--- TO DO ---
Repeat the listing exactly, line by line, and leave the pictures behind.

--- AVAILABLE DATA ---
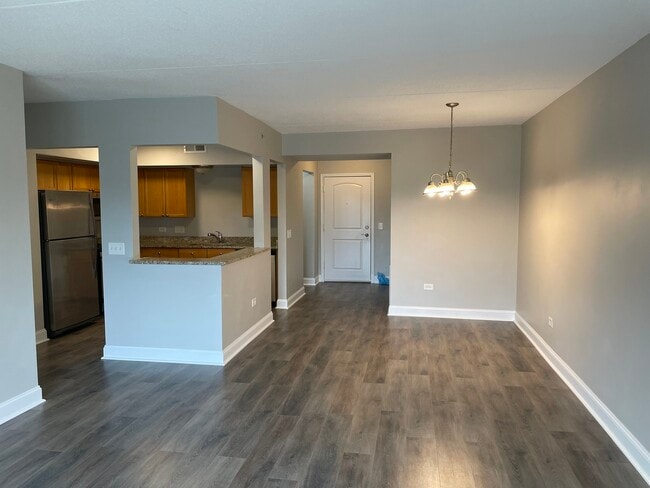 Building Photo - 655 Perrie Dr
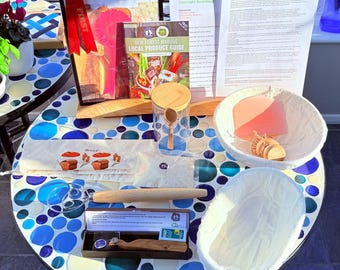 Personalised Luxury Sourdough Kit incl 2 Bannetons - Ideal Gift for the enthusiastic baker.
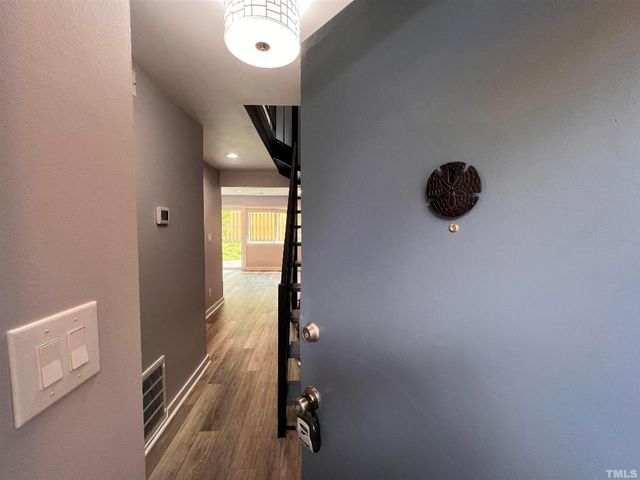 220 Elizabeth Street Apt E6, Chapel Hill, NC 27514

--- ANSWER BOX ---
 Building Photo - 655 Perrie Dr
 Personalised Luxury Sourdough Kit incl 2 Bannetons - Ideal Gift for the enthusiastic baker.
 220 Elizabeth Street Apt E6, Chapel Hill, NC 27514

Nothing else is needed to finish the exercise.